Like a modern-day Guglielmo Marconi, the father of radio, Francesco Marconi has developed an iPhone app -- HeroGraph, a gaming application -- with Mizzou journalism and computer science students.
If a 2011 Kauffman Foundation study is right, Columbia's leaders are wooing new business the wrong way. Fifty four percent of people in the millennial generation want to start their own business or already have, the study claims. Among Columbia's young population, that's a tremendous pool of ready talent that few in local leadership even recognize, let alone try to help.
For a better way, the non-profit Missouri Innovation Center (MIC) is helping lead the way. Under former ABC Laboratories CEO Jake Halliday, MIC provides grant-writing assistance, patent attorneys, regulatory advice, business plan advice, and access to potential investors for entrepreneurs.
Through his course High Growth Ventures at Mizzou's Trulaske College of Business, Halliday helps students evaluate inventions, build business plans, and obtain financing. "This course closely simulates the real-world start-up environment," Halliday said. "In several cases, class simulations convert to real companies, helping Missouri retain some of our most promising graduates."
Contrast this focus on retention with the big push to "lure" out-of-state companies with tax incentives that take money from, of all things, education -- the most important tool in Halliday's tool box.
In the last three to four years, Halliday and MIC have helped students such as Sifuentes become start-up executives.

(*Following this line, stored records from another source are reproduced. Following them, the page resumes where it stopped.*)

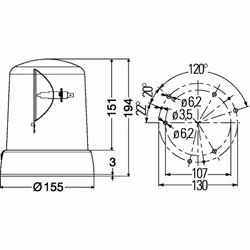 Faro rotante HELLA 2RL 008 061-101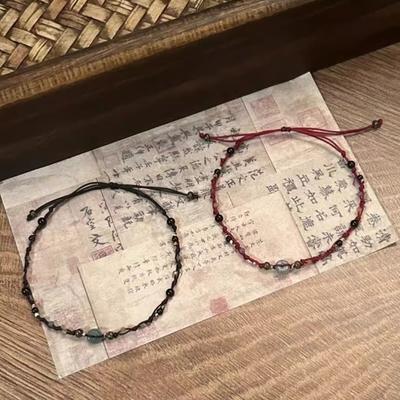 Retro Chinese Hand-Woven Bracelet Couple Safe Red Rope Beaded Niche Braided Rope Design Antique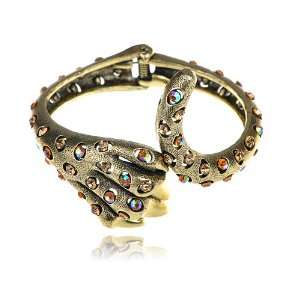   Inspired Topaz Crystal Rhinestone Claw Hand Wrap Bracelet Bangle Cuff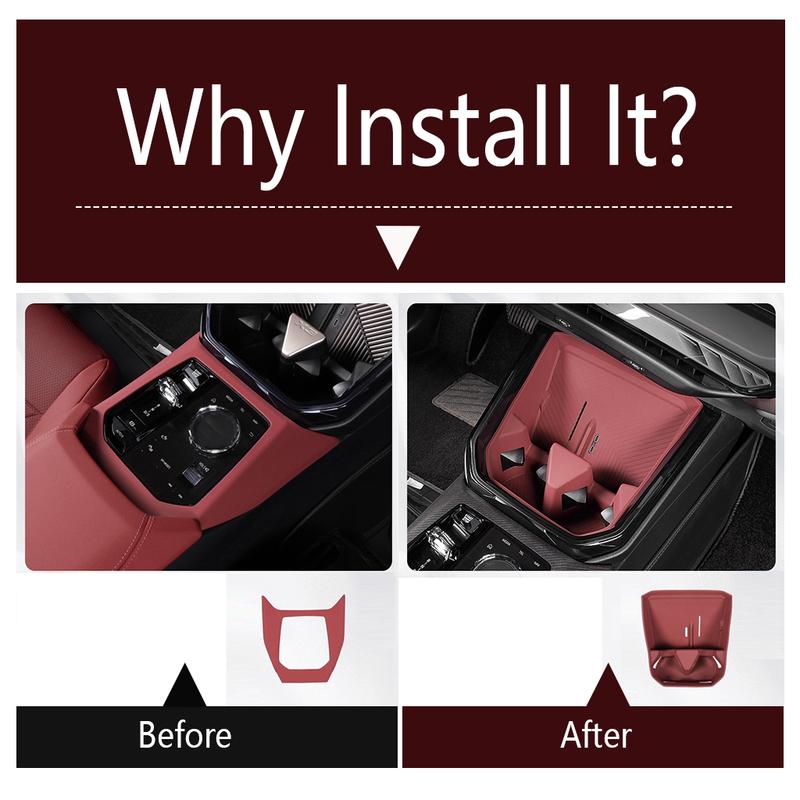 For BMW X3 G45 2025 2026 Silicone Car Water Cup Pad Central Control Gear Shift Wireless Charging Protection Mat Accessories Kit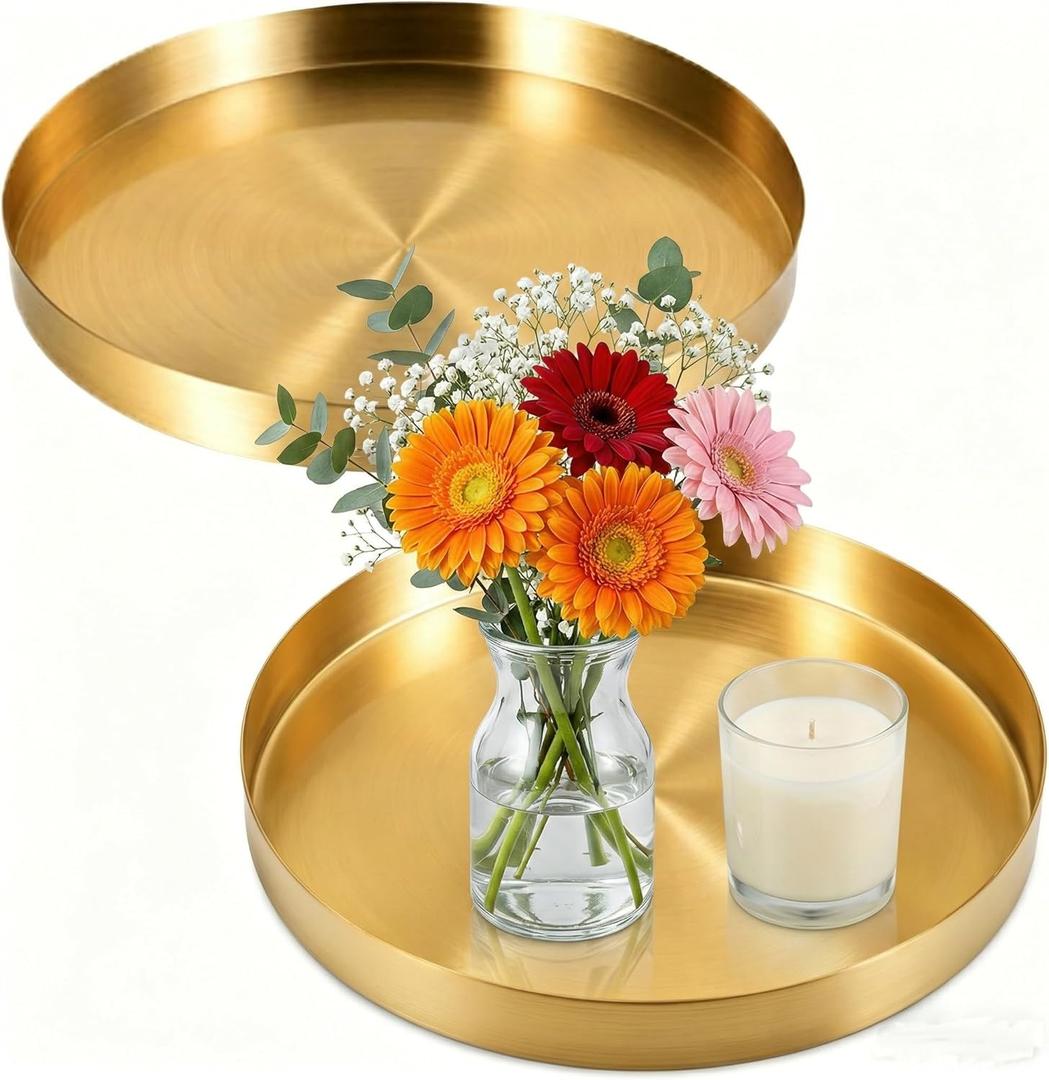 Jucoan 2 Pack 8 Inch Round Gold Tray, Decorative Small Round Vanity Tray, Circle Brass Gold Tray, Bathroom Storage Organizer Tray for Perfume Jewelry Food Coffee Tea Candle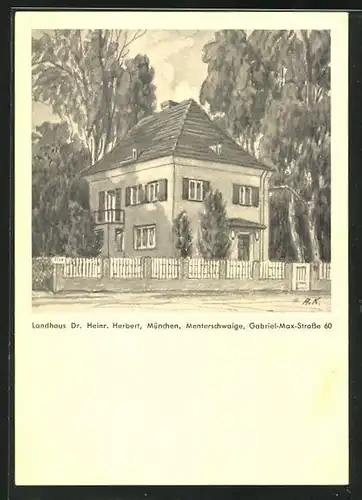 Künstler-AK München-Harlaching, Landhaus Dr. Heinr. Herbert, Gabriel-Max-Strasse 60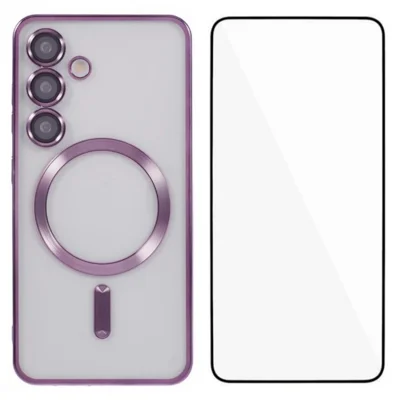 WANLONFENG For Samsung Galaxy S24 FE Magnetic Case  Full Protection Electroplated TPU Cover with Tempered Glass - Dark Purple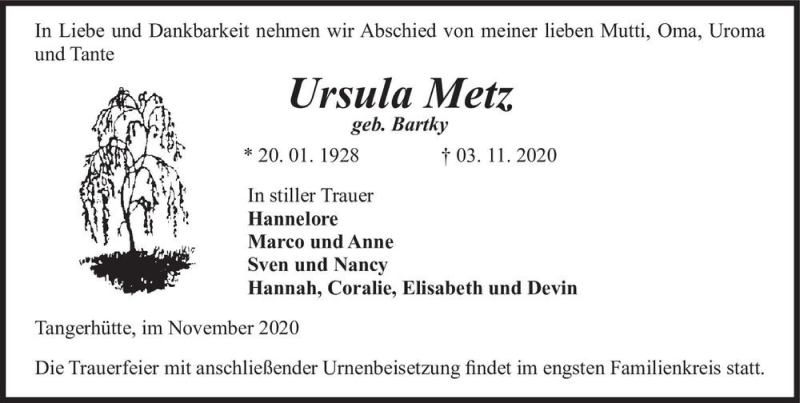  Traueranzeige für Ursula Metz (geb. Bartky)  vom 12.11.2020 aus Magdeburger Volksstimme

In Halliday's course, Sifuentes developed a business plan for Adroit Motion, and worked with Mizzou faculty members to develop a device to treat mastitis, a common disease in dairy cattle that costs farmers nearly $2 billion annually.
She is now president of Metactive Medical, a Kansas City area start-up, and ironically, was named the 2010 Emerging Business Woman of the Year by the Columbia Daily Tribune, whose owners are front-and-center on the tax incentive push.
Instead, they should listen to startup innovators like Francesco Marconi, and support incubators like MIC instead of lobbyists like REDI. "I am learning about the challenges of creating a successful business by founding my own developments and projects at MU," Marconi said. "With these smaller projects, I hope to build a breadth of knowledge that will guide me as I work strategically on a larger scale."